- Born: Roy Norman Guest 13 March 1934 İzmir, Turkey
- Died: 23 September 1996 (aged 62) Faversham, Kent, England
- Occupations: Musician, promoter

= Roy Guest =

British folk singer and impresario (1934–96)

Roy Norman Guest (13 March 1934 – 23 September 1996) was a British folk singer and music promoter.

==Life and career==
Born in İzmir, Turkey, to a British father and Ukrainian Greek mother, he grew up in Ebbw Vale, Monmouthshire. He trained as an actor, and began singing and playing guitar when a teacher at Summerhill School. After moving to Edinburgh to study anthropology and psychology, he met Jim Haynes of the Traverse Theatre, and the pair collaborated on producing a series of "Howffs" or folk nights. Notably, Bert Jansch started his career at the club which became a meeting place for folk musicians including Archie Fisher and Owen Hand, and the folk duo of Robin Hall and Jimmie Macgregor.

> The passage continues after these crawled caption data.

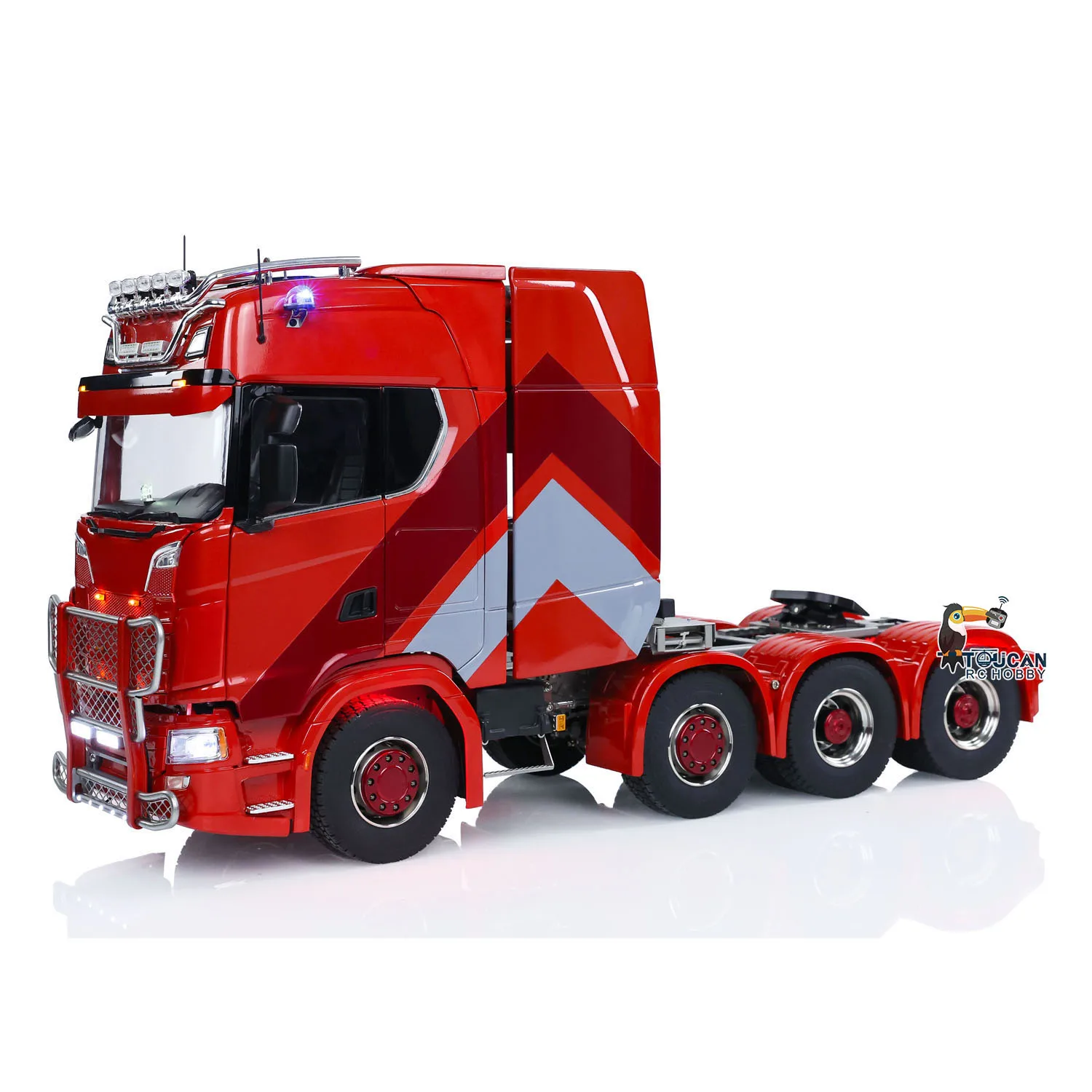 Juguete de Camión Tractor RC 770S a Escala 1:14, Chasis de Metal 8x8, Control Remoto, Diferencial con Bloqueo, 3 Velocidades, Suspensión de Cabina, Humo, Modelo ST8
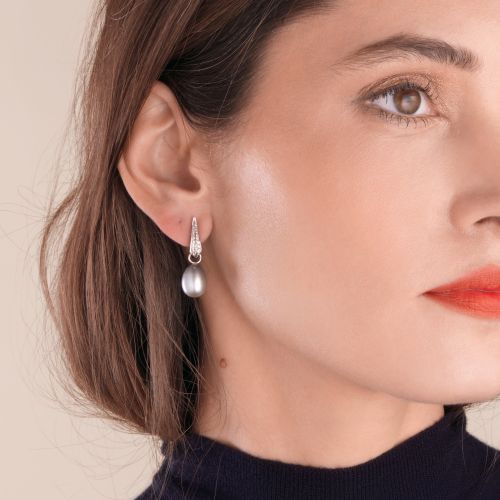 Grey Pearl & Diamond Earrings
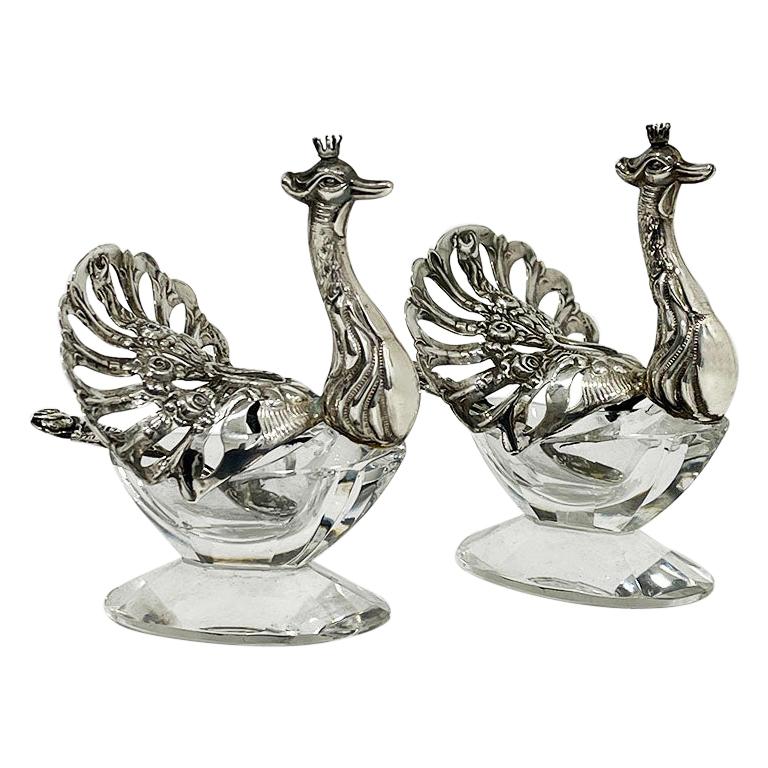 Silver Pepper and Salt Cellars in the Shape of a Peacock
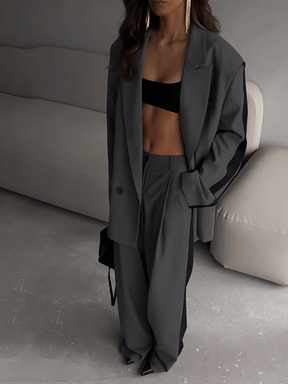Conjunto de Alfaiataria com Blazer Oversized e Calça Pantalona – Damares [FRETE FULL]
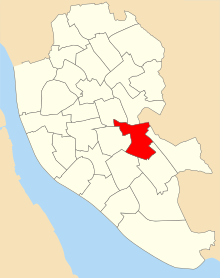 A map of the 2004 arrangement of Liverpool City Council wards, Childwall ward is highlighted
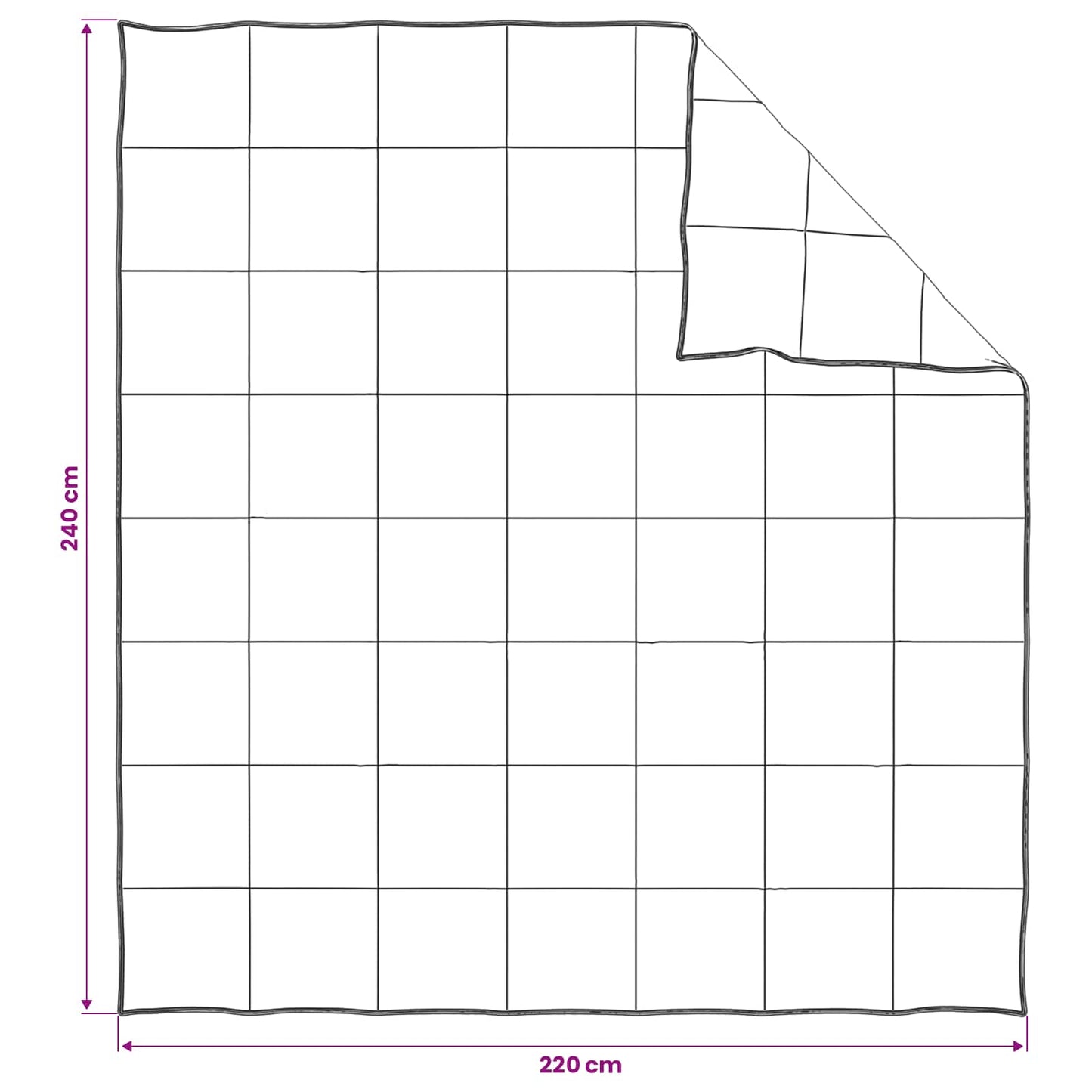 vidaXL Πάπλωμα 240 x 220 cm Καλοκαίρι 150 γρ/τ.μ. Βαμβάκι και καπόκ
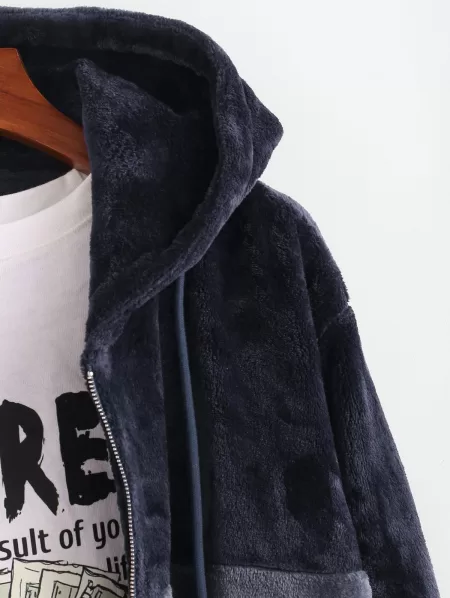 Hooded Zip Up Contrast Fluffy Jacket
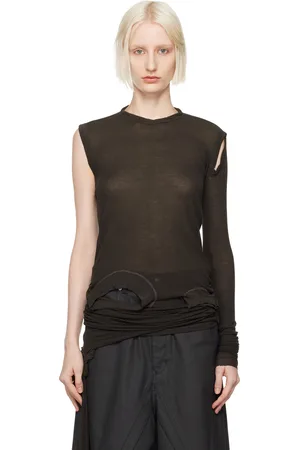 Rick Owens Gray Porterville Cropped Banana Long Sleeve T-Shirt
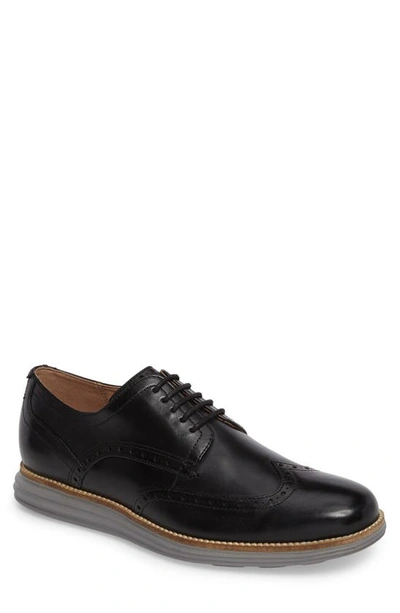 Shop Cole Haan Originalgrand Wingtip Derby In Black/ Ironstone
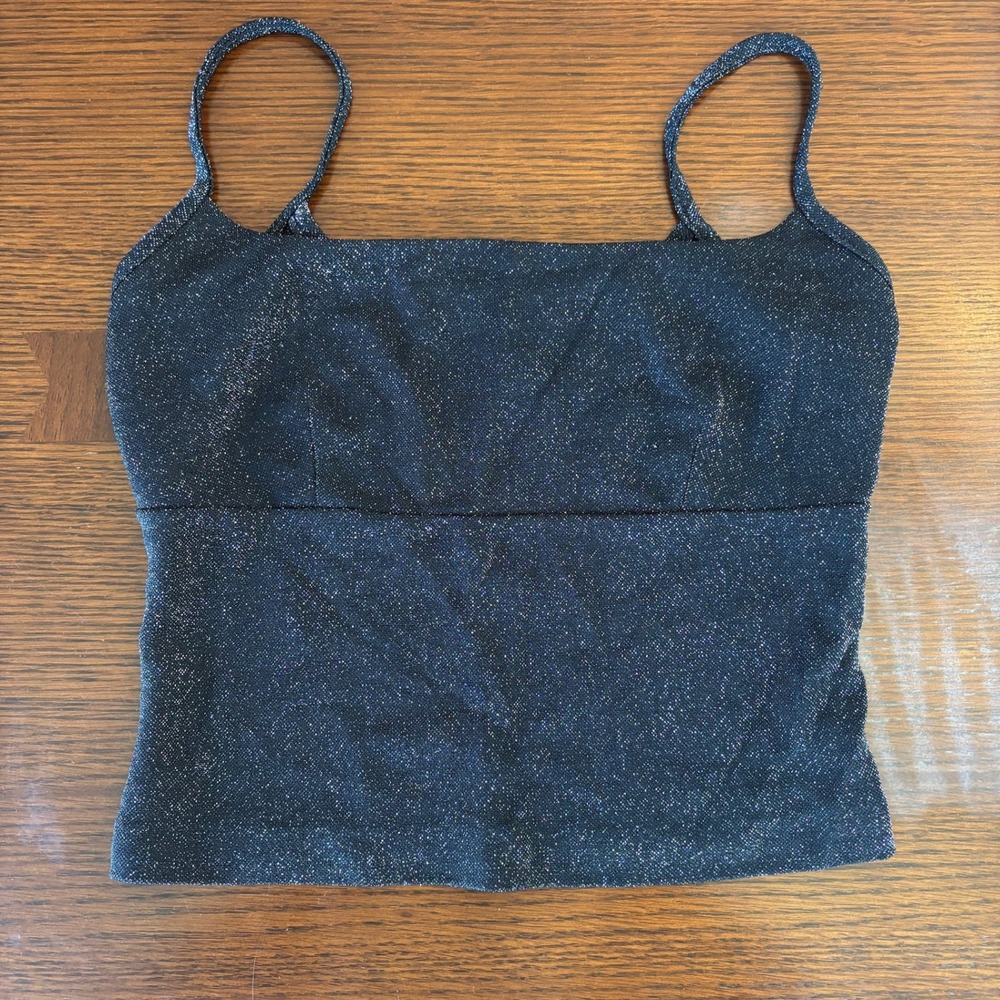 Y2K Necessary Objects Black Glitter Cami Crop Top Shimmer Party Women‎ S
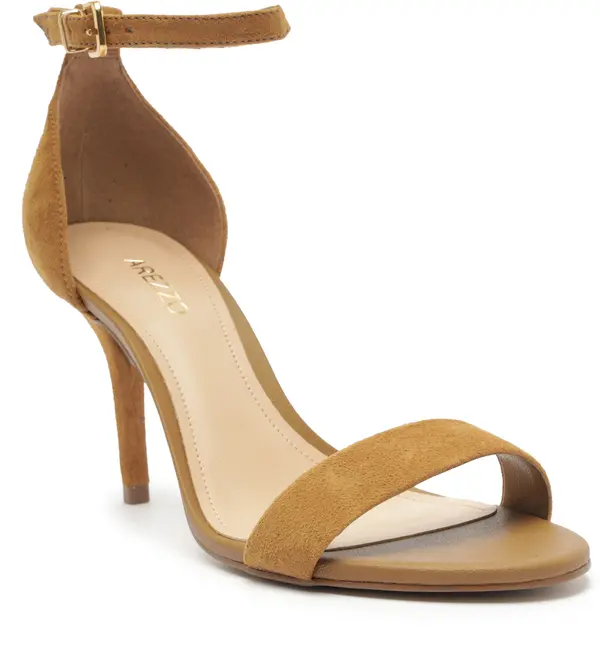 Tan Suede Minimalist Ankle-Strap Stiletto Sandals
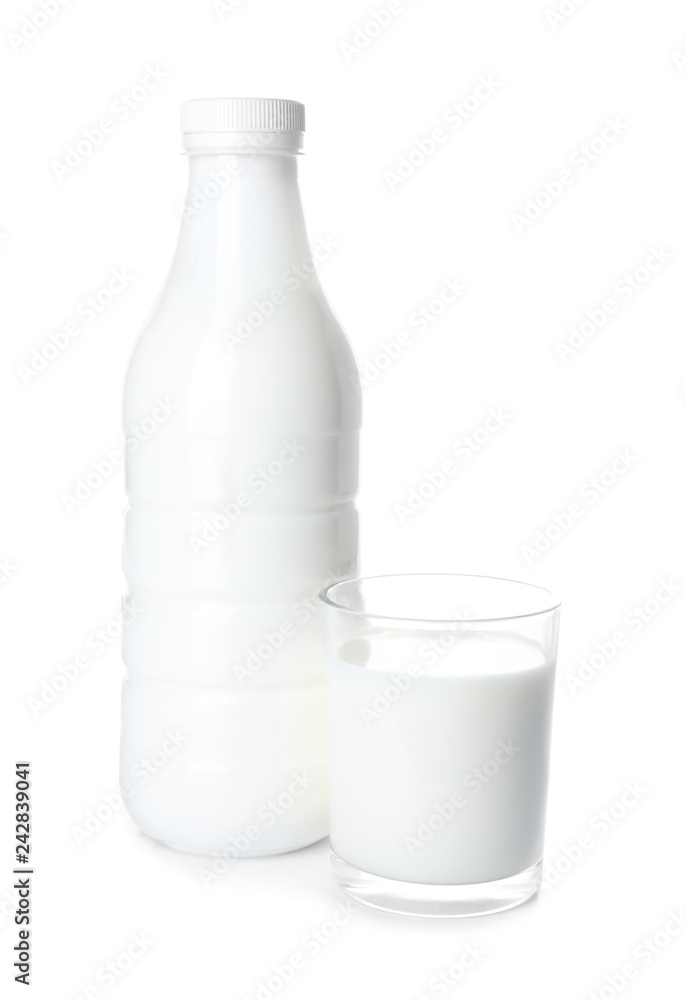 Bottle and glass of fresh milk on white background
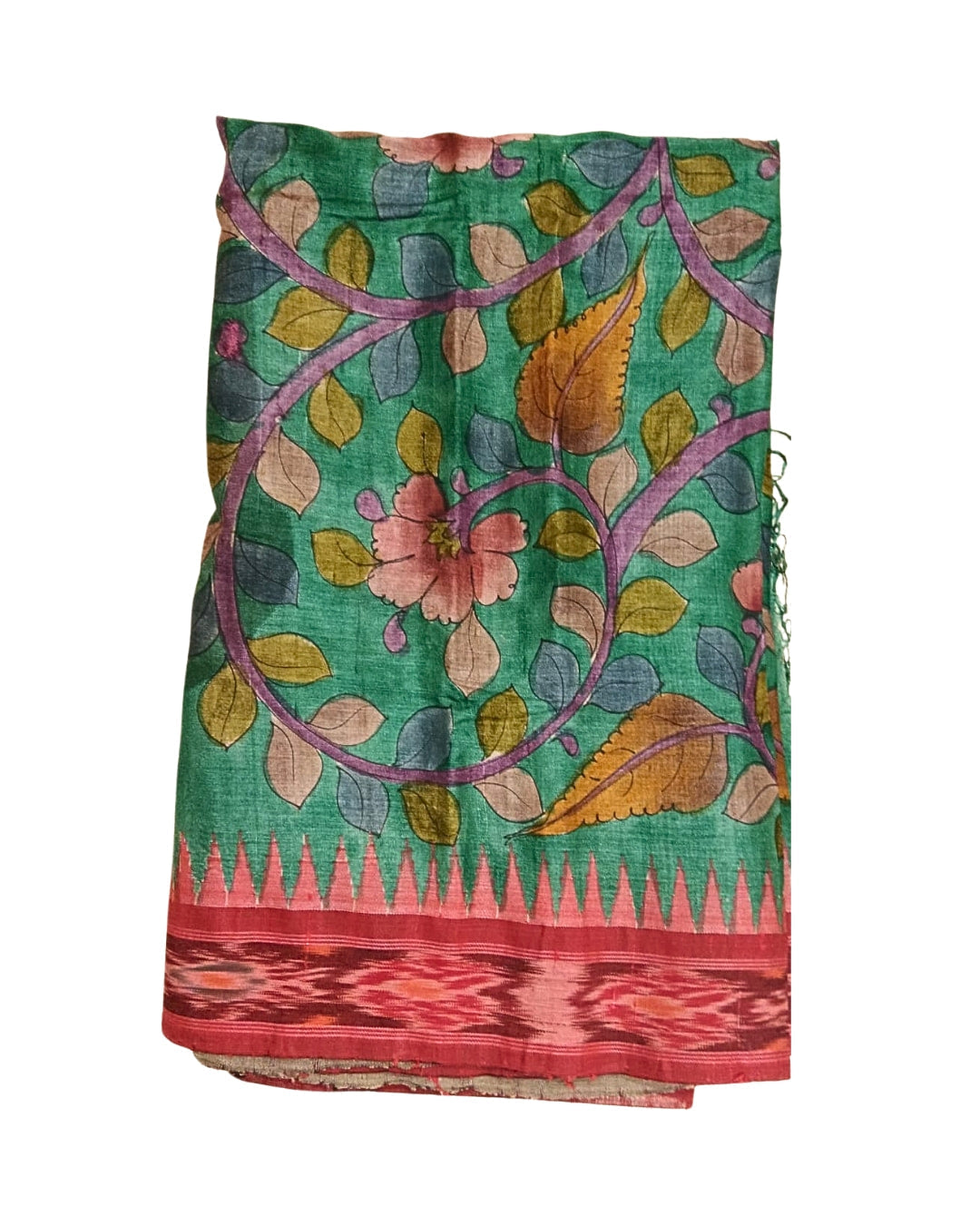 Hand-Painted Kalamkari Tussar Silk Saree with Pochampally Border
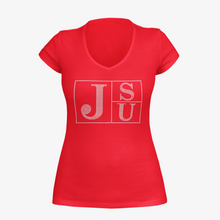 Load image into Gallery viewer, Jackson State University Tigers JSU Block Letter Rhinestone V-Neck T-Shirt
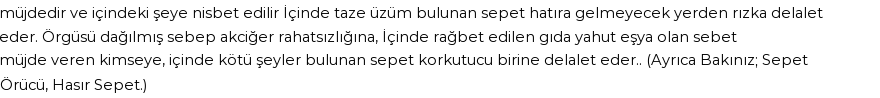 İhya'ya Göre Rüyada Sepet Görmek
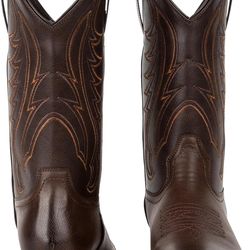 Cowboy Boots for Men Square Toe Men's Western Boots Classic Embroidered Country Boots for Concert Daily . Size 11.5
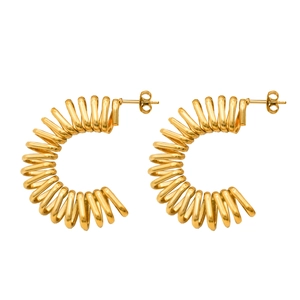 Creative 18k gold plated stainless steel spring spiral earrings for women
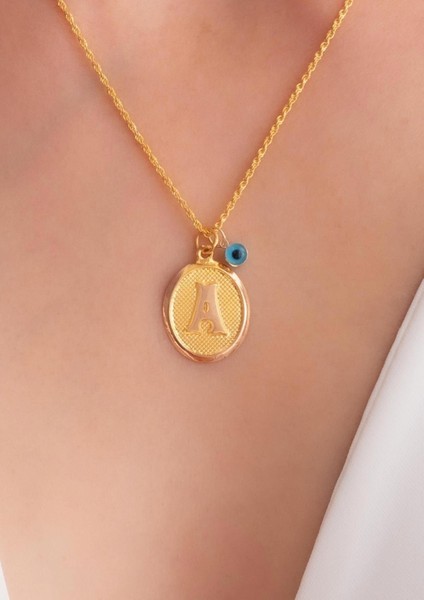 14 Ayar Altın Vintage Oval A Harf Kolye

He came to wider prominence in the 1960s as a promoter with Harold Davison, and with Brian Epstein's NEMS enterprises. He oversaw the London concert debuts of Simon and Garfunkel, the Incredible String Band and Fairport Convention. Other concerts he promoted included those by Benny Goodman, Joan Baez, The Who, and Led Zeppelin. He was also an agent during the early careers of Al Stewart and Sandy Denny.

He later set up an agency and information service for the English Folk Dance and Song Society; established his own agency, Folk Directions; and organised folk festivals in the 1980s at the Fairfield Halls in Croydon. After moving to Faversham, Kent, he stood as an independent candidate in local elections, and chaired a local theatre group.

He died in Faversham in September, 1996, at the age of 62.